A preferred embodiment of an alkali recycle system for performing the method disclosed herein is depicted in FIG 1.

Wet cellulose dissolving pulp recovered directly from a pulp mill bleach plant, optionally after having been activated by procedures for controlling the degree of polymerization, is injected into a cellulose alkali mixing reactor (1). Make up sodium hydroxide and other additives are charged to the reactor as well as sodium hydroxide recycling liquid from the separation unit (8). The cellulose spindope formed in reactor (1) is discharged into dewatering unit (2) installed for adjustment of the cellulose content of the spindope to the desired value. Alkaline effluent from the dewatering unit can be recycled to a chemicals recovery cycle of a pulp mill or be partially recycled into the mixing rector (1).

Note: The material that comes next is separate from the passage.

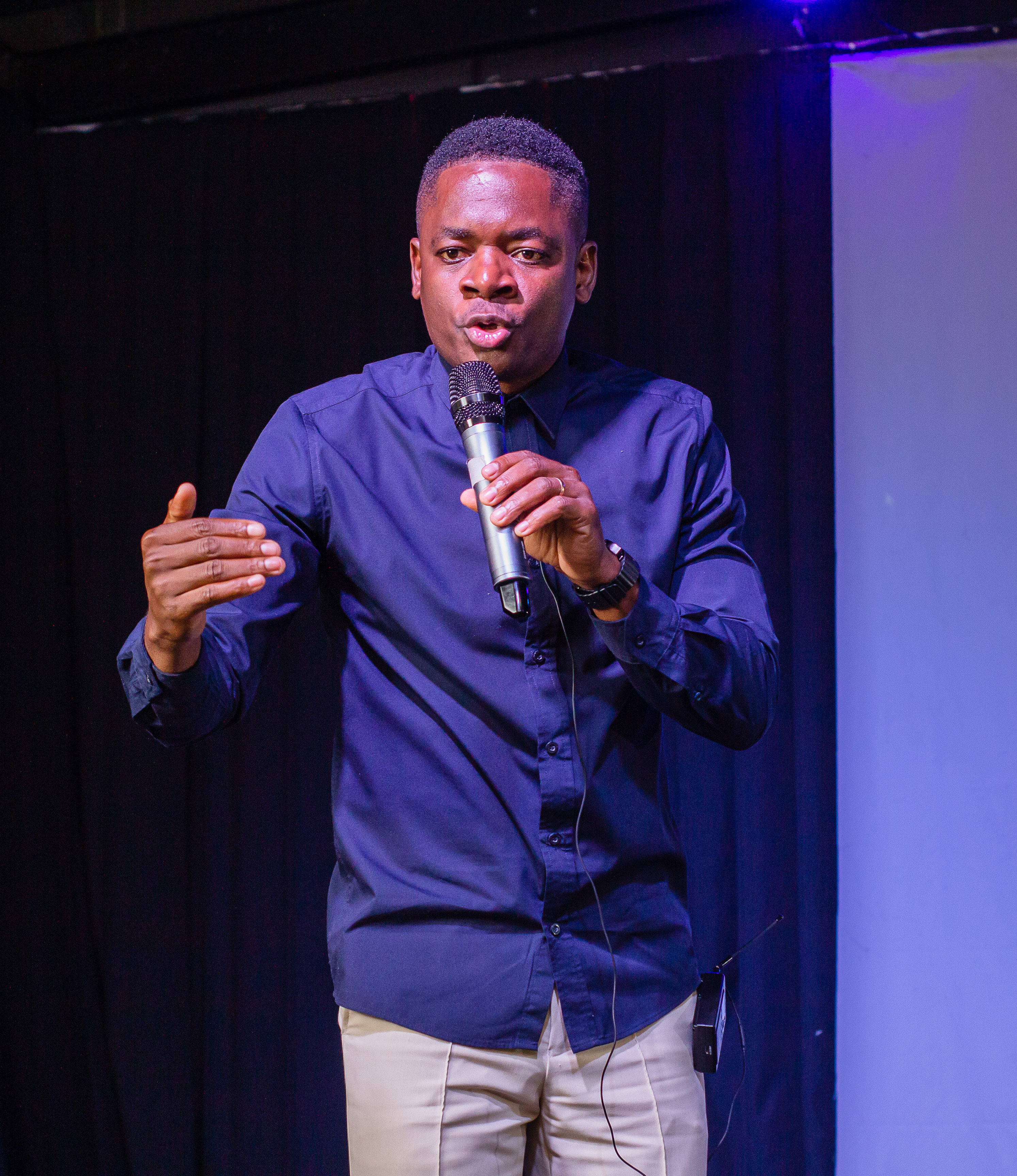 Mentoria Mil Projectos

The spindope is homogenized in a kneader (3) and filtered and deaerated in unit (4). The deaerated spindope is pumped by the pump (5) into the spinneret nozzle (6) submerged in the coagulation bath 7. New cellulosic fiber filaments are formed in the coagulation bath. Filaments are drawn through the bath and discharged for further treatment (9) to become cellulosic filament yarns or cellulosic staple fibers. The coagulation bath comprises sodium hydroxide and sodium carbonate in an aqueous solution. Fresh make up sodium carbonate can be added to the bath. Spent coagulation liquid is discharged from the coagulation bath and is charged into one or more separation units (8) wherein sodium carbonate is separated from the sodium hydroxide mother liquid. The separation unit (8) can comprise a freeze crystallizer and/or a nano filtration unit. Sodium hydroxide mother liquor is recycled to mixing reactor (1). An alkaline stream comprising non process elements can be discharged from one of the separation units in (8) which stream can be piped to a pulp mill chemicals recovery system or an effluent treatment plant.

The new method described herein offers a new method for preparation of cellulosic fibers from an alkaline spinning dope combined with recovery of effective alkali.